While collecting rent has been frustrating with this house, and we’ve had a lot of plumbing and roof expenses, the house is still profitable and worth our investment. The house is in an area of Richmond that’s being revitalized, yet at the same time it’s in its own pocket of the city that’s also protected from big changes and is mostly original owners. Appreciation has really taken off, so even though our maintenance issues have eaten big chunks out of our cash flow, this house will be well worth it when we eventually sell it and move on to a new investment.

Risk Mitigation – LLC or CLUP

Not that I expect you to know these letters right away, but bear with me.

There’s a common question that comes up with rental properties: have you formed an LLC? An LLC is a limited liability company. This is a business mechanism in which you create an official business for your properties, thereby separating them from your personal finances.

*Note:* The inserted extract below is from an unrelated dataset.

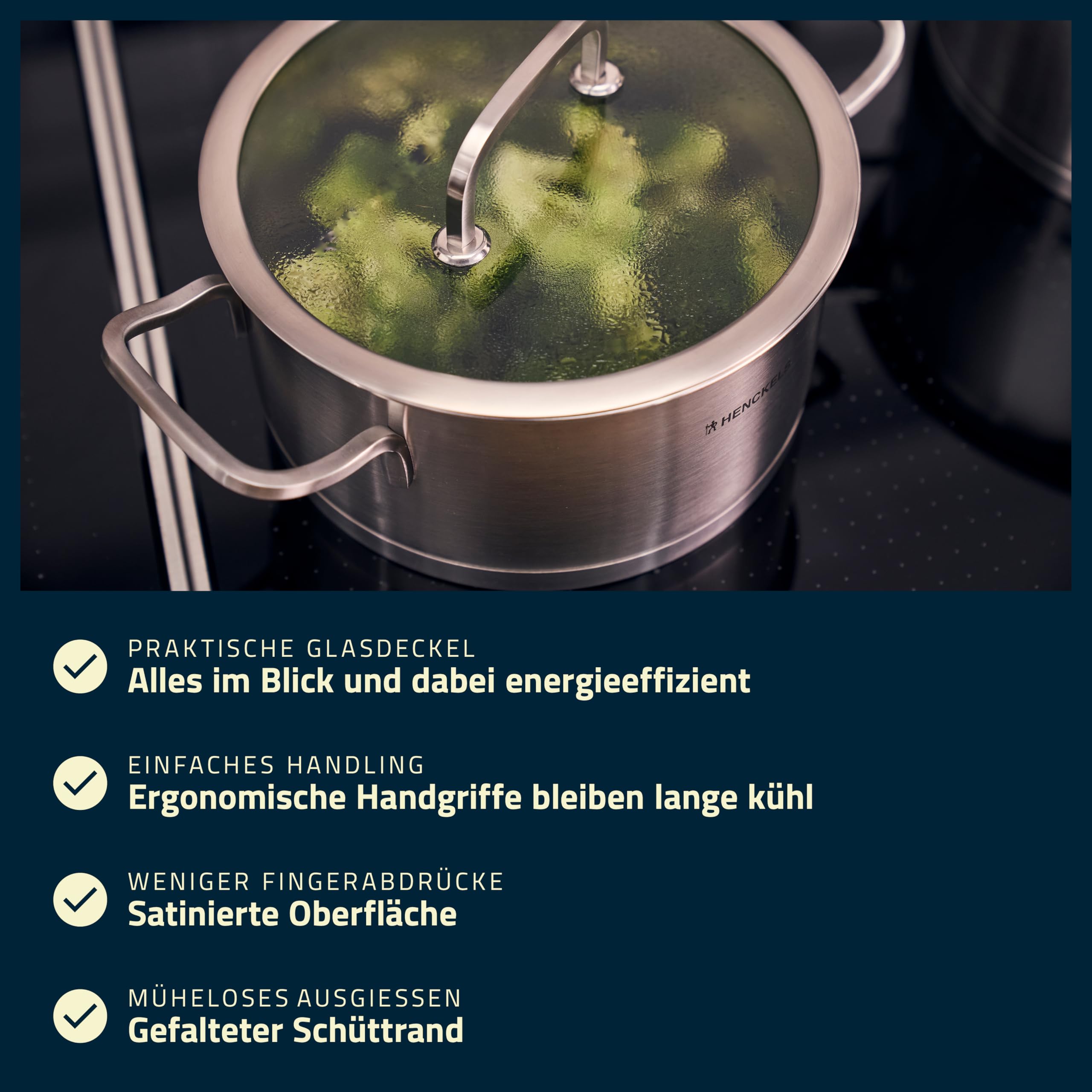 HENCKELS Pulse Kochtopfset 5-tlg,Glasdeckel, Induktion, Edelstahl | Für alle Herdarten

That’s the positive to an LLC – an LLC separates the rental properties from your personal finances. This protects your personal finances in the event of a tenant suing you through one of your properties. However, for this protection to really work for you if you have multiple properties, each property would need to be within its own LLC. For example, if you put 12 properties in an LLC, then yes, they’re separated from your personal finances, but they’re not separated from each other. Meaning, if someone sues you, they can go after your entire portfolio.

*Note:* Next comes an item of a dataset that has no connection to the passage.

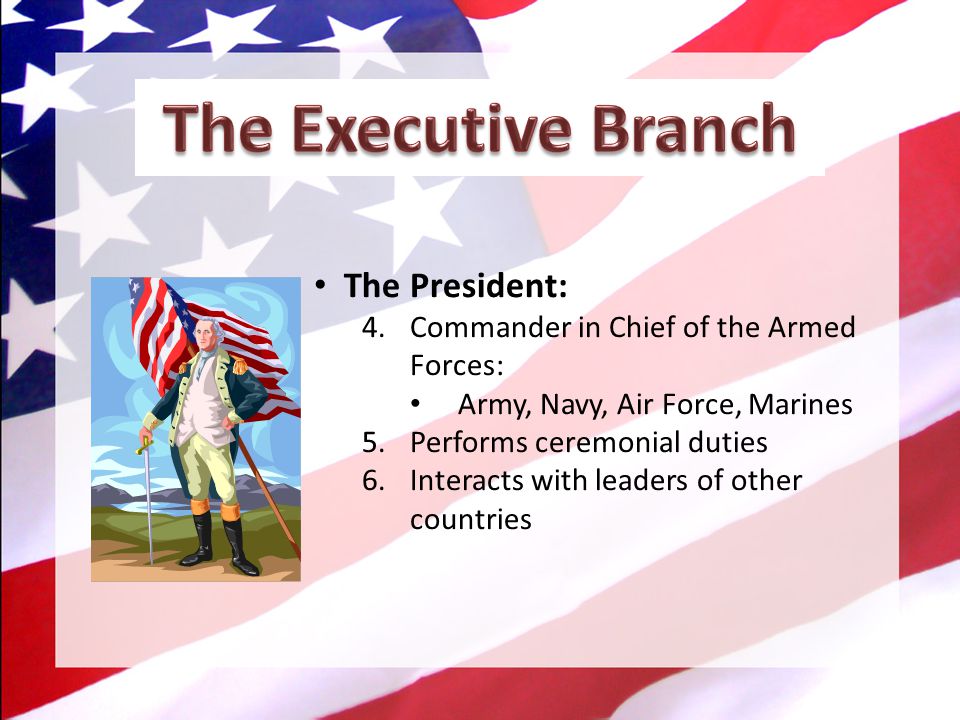 The President: 1.Head of the Executive Branch Manager of the federal govt.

Mr. ODA and I have discussed grouping a few houses in different LLCs, but we don’t see the benefit of the costs that go along with it. There are fees to form the LLC, put properties into the LLC, and then an annual fee ($50 in Virginia). We have an LLC for the two properties we have with a partner, but we went a different way for the properties that we own ourselves. We pay $250 annually for a Commercial Liability Umbrella Policy (CLUP).

CLUP

A Commercial Liability Umbrella Policy (CLUP) extends the limits of your primary liability insurance policies. Our CLUP is through State Farm, but our individual policies are not necessarily through State Farm. There are many nuances to how it works; for instance, you cannot have a CLUP on top of commercial liability insurance. We have individual personal insurance policies on all our houses, required to cover $500k, so we can have the CLUP extend those coverages. Each property is listed in the CLUP, even the ones we have with a partner because our ownership had to be at least 50% for it to be covered (which it is).

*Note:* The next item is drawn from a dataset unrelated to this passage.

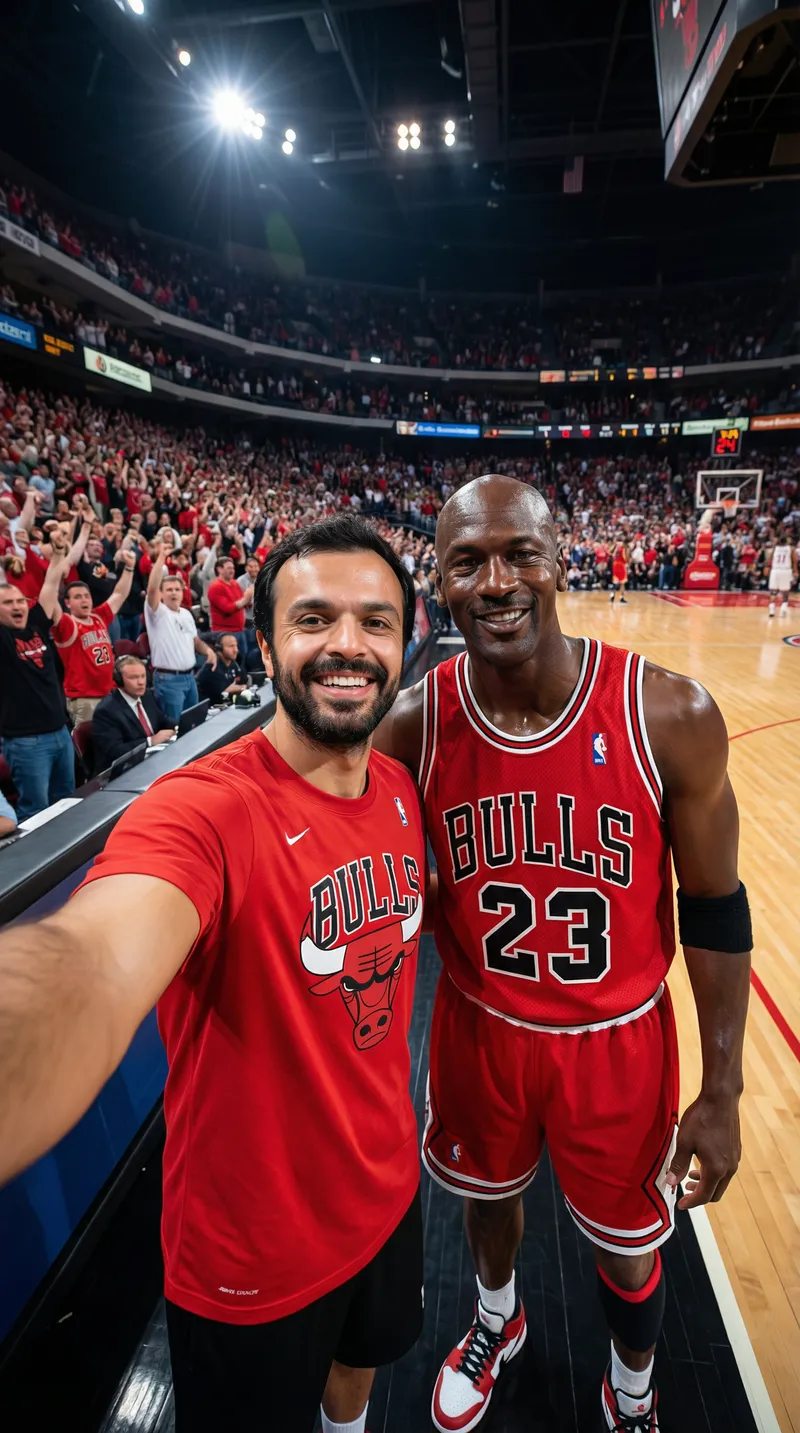 Candid Courtside Selfie with Basketball Legend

While the cost will vary based on each scenario and coverage, we pay $250 annually for a $2 million policy. Every 3 years, we’re expected to weigh in on our policy, which includes sending individual homeowners insurance policy documents, each policy’s 3 year loss report, and current pictures of the front and back of each house to our agent. We’ve only had one claim on a property, and that was a car accident that took out our air conditioner in House 1.

CREATING A PARTNERSHIP

We do have an LLC that has two houses in it, but that’s because we own them with a partner.

There’s a cap of 10 mortgages that an individual (or a couple, in our case) can have. When we reached that threshold, we asked our friend and Realtor about other houses we were interested in. Our Realtor purchased two houses as an individual, and then we put them in an LLC to give us ownership. After the first house purchase, we had our real estate attorney set up an LLC. Then after the second house closed, we just had to add that house to the same LLC.

When our partner went under contract on the first house, we created an agreement with him. We owed him half of the down payment and closing costs to be 50% partners on the property. At the time, we didn’t have the cash liquid, and he agreed to allow us to pay him monthly, with interest. So he paid the funds-to-close, and we structured an amortization schedule at the market rate to pay him back. It only took us two months to pay him the balance based on our cash flow, which equated to about $44 in interest for him.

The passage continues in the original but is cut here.